Posted: April 3, 2018 by Robert Craven
A few questions about your so-called unique strategy.
By definition, a unique strategy is unique. By definition, it is difficult to copy. So, what about yours?
Does it actually help you to say ‘no’ to the wrong type of potential customer? Strategy is as much about defining what you don’t do as it is about what you do.
Does it help you to know when you are standing in front of the right potential customer? Strategy is about deciding who you do what for, and why. It should make you especially sexy to your target clients.
Does it make it harder for your competition (and easier for you)? Does it create barriers to competing with you? Does it make it hard for the competition to work in ‘your’ space? Does it make it hard for them to copy you? Does it make you so distinctive that you can create an entirely new type of market or a category of one?
I usually say that strategy is planning while being aware of your own capability and the outside environment (the world, political, economic, societal, technological, legal, environmental, economic factors as well the industry, market, competitors and customers). But I would like to add to that context/environment argument.
I would argue that it isn’t a strategy if it doesn’t solve a challenge.
If the idea is simply to work harder, get up earlier or charge more/less, then that is simply a plan and lacks the fundamental requirement of a good strategy.

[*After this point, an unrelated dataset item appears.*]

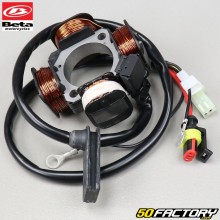 Zündstator
 Beta RR 50, Biker und Track Original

A good strategy solves a problem.
It has focus and purpose unlike most of the ‘try harder’ plans (and I have no issue with that approach if that is what is needed).
A good strategy might solve any of these challenges: How will we create a sustainable, profitable business in the next 18 months? How will we create a business with a sale value of £10m within 3 years? How will we become a top 3 player (by turnover) in the UK market?
What problem or challenge does your strategy solve?